▶ **Supplied material**:
Content starts
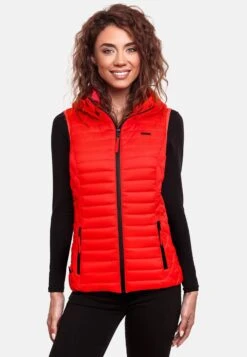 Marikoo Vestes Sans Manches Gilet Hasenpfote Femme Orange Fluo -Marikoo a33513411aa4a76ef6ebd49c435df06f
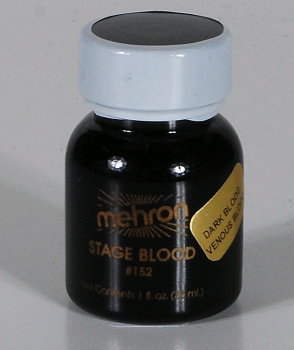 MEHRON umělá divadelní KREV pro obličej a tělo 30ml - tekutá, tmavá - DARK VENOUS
Content ends
Content starts
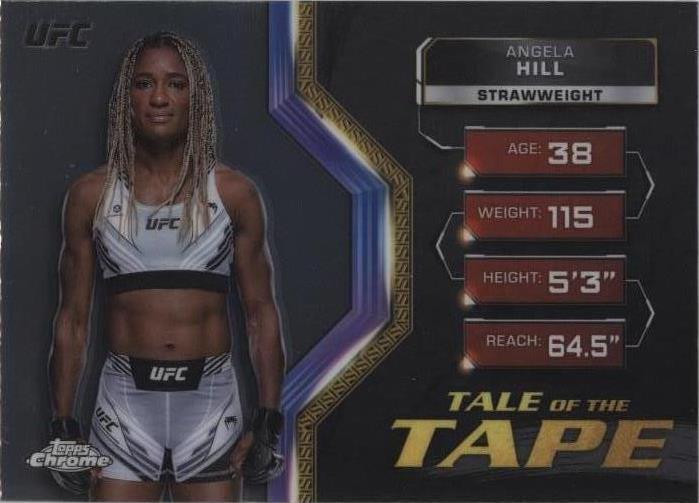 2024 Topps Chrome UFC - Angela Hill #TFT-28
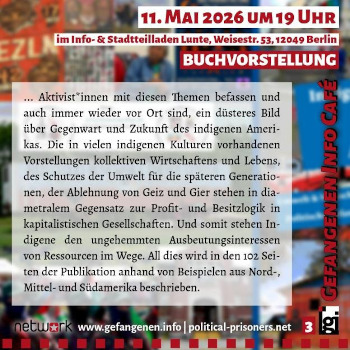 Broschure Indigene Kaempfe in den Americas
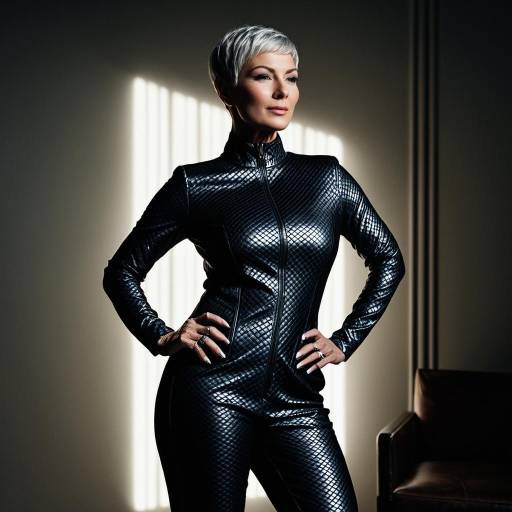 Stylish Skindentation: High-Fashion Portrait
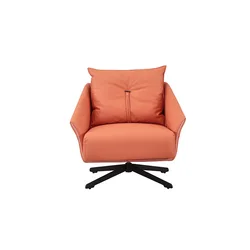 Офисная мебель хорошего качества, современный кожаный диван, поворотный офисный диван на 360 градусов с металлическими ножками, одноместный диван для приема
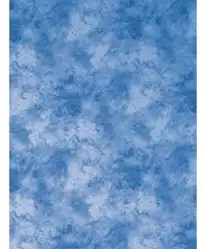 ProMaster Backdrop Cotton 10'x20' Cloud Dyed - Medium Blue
Content ends
▶ **Your objective**: Within the entries above, the lines from the one containing "Офисная мебель хорошего" through the one containing "ProMaster Backdrop Cotton" are to be transcribed exactly, ends included, pictures excluded.

▶ **Answer space**:
 Офисная мебель хорошего качества, современный кожаный диван, поворотный офисный диван на 360 градусов с металлическими ножками, одноместный диван для приема
 ProMaster Backdrop Cotton 10'x20' Cloud Dyed - Medium Blue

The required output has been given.